The counter from the purists is that the USGA has traditionally thwarted scoring and administered pain by tightening fairways to nearly microscopic widths, surrounding targets with juicy rough and ginning up green speeds. The USGA also does that by artificially setting par, typically at 70, by reducing common par 5s into monstrous par 4s and by adding length that no one would use but for an Open. Case in point? No. 15 at Erin Hills played on Saturday as a 278-yard par 4. Fun! Oakmont’s eighth hole was a nearly 300-yard par 3. Boo? One’s easy; one’s tough.

If there are any hurt feelings from how mean the U.S. Open field was to par this week, then try this mental trick: Imagine it as a par-70 instead of a par-72. Imagine No. 1 as a par 4 and No. 15 as a par 3. All of a sudden, the winning score is 8 under and just eight players beat par. Voila!

Erin Hills didn’t need beat-you-over-the-head features to make players think, though it lacked the features that viewers have traditionally come to anticipate as a Drudge siren for difficulty. Wide fairways meant choices, and choices, as Pete Dye often attests, are what really gets the best players into a bind. The ego is a funny thing. When we have no choice, the task becomes more focused and a little easier. Sure, hitting a 22-yard-wide fairway at your daddy’s Open is harder than hitting a 60-yard-wide fairway at Erin Hills. But a guy like Brooks Koepka, who hit a 379-yard 3-wood downhill and downwind on No. 18 on Sunday, still has an edge either way because he knows, just as short-knocker Jim Furyk does, that if they both miss the fairway off the tee, Koepka has an even bigger edge from the rough.

Even if you didn’t like Erin Hills, we can agree on one thing: Length clearly is not a deterrent. Brian Harman is a perfectly average driver of the ball on the PGA Tour, and he finished T-2. Bill Haas isn’t long, and he finished T-5. There’s actually scoring data from the PGA Tour to suggest that, at a certain length, making par 5s longer improves overall scoring regardless of a player’s average driving distance.

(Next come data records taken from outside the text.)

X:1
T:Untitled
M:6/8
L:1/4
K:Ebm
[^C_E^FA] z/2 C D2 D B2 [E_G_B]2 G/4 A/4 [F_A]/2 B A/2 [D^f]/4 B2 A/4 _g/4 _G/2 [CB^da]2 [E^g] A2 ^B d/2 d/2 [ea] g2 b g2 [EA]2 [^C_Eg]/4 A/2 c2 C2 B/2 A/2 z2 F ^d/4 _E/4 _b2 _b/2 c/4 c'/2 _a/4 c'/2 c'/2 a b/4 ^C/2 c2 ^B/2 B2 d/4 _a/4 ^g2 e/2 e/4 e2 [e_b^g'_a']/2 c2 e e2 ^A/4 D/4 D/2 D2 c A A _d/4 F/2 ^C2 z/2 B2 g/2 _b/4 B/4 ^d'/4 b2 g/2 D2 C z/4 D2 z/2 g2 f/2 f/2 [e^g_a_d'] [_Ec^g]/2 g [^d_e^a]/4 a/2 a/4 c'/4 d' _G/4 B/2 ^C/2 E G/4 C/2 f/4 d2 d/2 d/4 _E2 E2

Brandel Chamblee said on Golf Channel he thinks the Open and other major courses need to go to 8,000-yard lengths to stymie players. First, there aren’t many of those. Second, what difference is 165 yards going to do compared to what Erin Hills offered? The problem with length is that it makes it harder to draw up true hazards that aren’t vast seas of sand or water features running the full length of holes. The more north-south space a golf hole has, the more difficult it is to reasonably frame it with obstacles.

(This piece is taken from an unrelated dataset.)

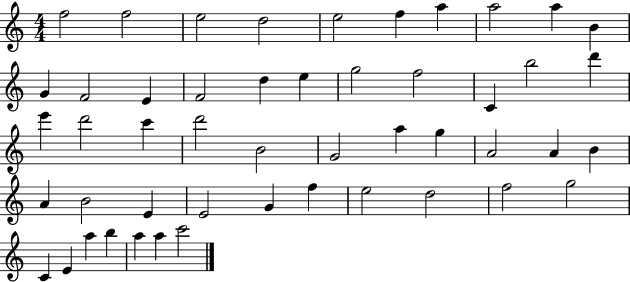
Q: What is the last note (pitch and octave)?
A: C6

If anything, Erin Hills proved that the only things that can be done to bring the field back to par are the classic USGA manipulations. If there’s a clamoring for that, we’ll see how they do in defending par in the coming years, as the U.S. Open moves through a run of classic venues: Shinnecock Hills, Pebble Beach and Winged Foot. By then, the whining about Erin Hills will end, but the onslaught against par will not.